Harry stared at a paperclip tray shaped oddly like a dried elf's ear.

The Concealment and Disguise division had tried every imaginable method to obscure Harry's scar. From targeted Disillusionment Charms to tonics derived from Metamorphmagus blood. All to no avail. St. Mungo's had even provided a hex scarring specialist to consult on the case. Since Harry was the only known person to survive the Killing Curse, his scar was an unmatched medical puzzle. The Healer's only hypothesis was that since his scar was the result of the darkest magic, it may prove irremovable by normal means.

It didn't matter much anyway.

With fairly simple spells Harry could change the color of his eyes and hair, but he was still the most recognizable wizard in the world. This was an unusual feat for a society with limited visual media. In the wizarding world, you could be very famous without people necessarily knowing what you look like. But seventeen years of fame and Voldemort's death made Harry the exception. His face and story were known. He was the rare global celebrity in their diffuse and fragmented world.


Whitehorn was trying to get his attention.

"Yes sir?" he started.

The older man smiled benevolently. "I was saying don't worry. There will be many more raids to come, I assure you."

"More raids," Harry repeated. Panic rose in his throat. It tasted like bile and iron.

The Chief looked uncomfortable. "Yes. There is some feeling that perhaps you should remain at Headquarters tonight."

"But sir," Harry rasped, mouth filling with dust. "You cannot…I have…past month preparing."

"They obviously cannot afford any distractions…"

"But, but—there'll be no teenage girls at a Death Eater hideout, sir…" he said lowly. He was mortified to even have to refer to the events of that morning aloud.

Whitehorn gave him a pitying expression. Harry's insides turned molten.

The Chief's next words were muffled in his ears.

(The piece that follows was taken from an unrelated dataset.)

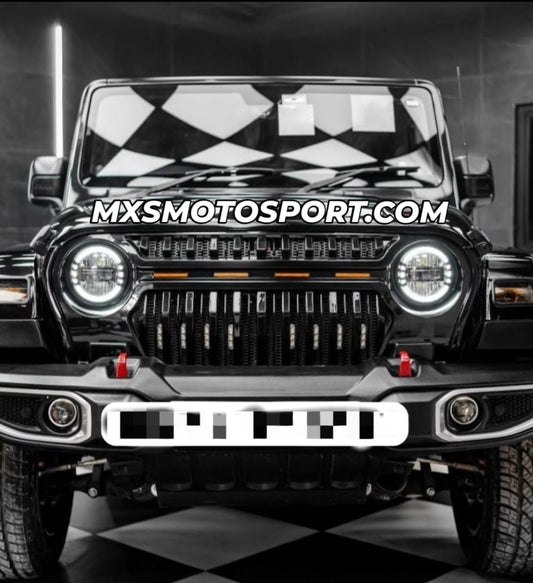 MXS4045 LED Grill For Mahindra Thar 2020+ ABS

"Death Eaters seek you out specifically…know you're a valuable target…puts the other Aurors at risk not to lose you…"

Harry went back to staring at the elf tray.

"You're of great importance to this Department. Surely you see that, my boy," Whitehorn said. "You're the symbol of our revival, Harry. Not just the Aurors, but all of us. You are…"

Whitehorn didn't go on. Harry finished for him.

Too valuable to lose. Too precious to work. Symbol as stigma.

Ironic. Chosen One without a choice.

Whitehorn concocted the mission to Hogwarts as a consolation. If Harry couldn't be at the raid, he could at least be away from Headquarters. Avoid the appraising glances and forced cheeriness of the other Aurors.

Harry had not seen his former home in ten months. Since the last of the cleanup. Whitehorn had given him two days to complete the assignment, much more than necessary. If questioning the students and reading their correspondence took a few hours, he could spend the rest of his time with Ginny and Hermione, both in their final year at Hogwarts. There was also Hagrid and Harry had brought a jug of the groundskeeper's favorite ale. He was also sure Professor McGonagall would require a visit…

Harry hadn't seen Hermione since Christmas.

Surprisingly, he'd been able to keep up a regular correspondence with her (which likely surprised her too). He wrote her a letter a week. Sometimes more. For security reasons, he never told her what he was working on. But as in talking with her face-to-face, writing to her somehow helped him. She gave him perspective on the vagaries of his strange life and he found a nostalgic comfort in reading about hers. But while her letters were filled with worries over schoolwork and dutiful updates on Hagrid, McGonagall, and Ginny, there was an underlying tension in her stories. He was unsure what to ascribe it to. It was spring, he supposed. N.E.W.T.s were fast approaching.

He was also eager—for different reasons—to see Ginny.

He wanted to see that radiant face of hers desperately. If there was time, he'd suggest they fly around the Quidditch pitch together and chat about her recruitment prospects. But two nights with Ginny also meant two nights of sex. The two of them had been very annoying at Christmas, Ron informed him. Spending all their time together and sneaking off to different rooms in the Burrow, as if no one knew what they were doing. But knowing he wouldn't see her for six months, Harry hadn't much cared what people thought. Breaking abstinence two months early was fine by him.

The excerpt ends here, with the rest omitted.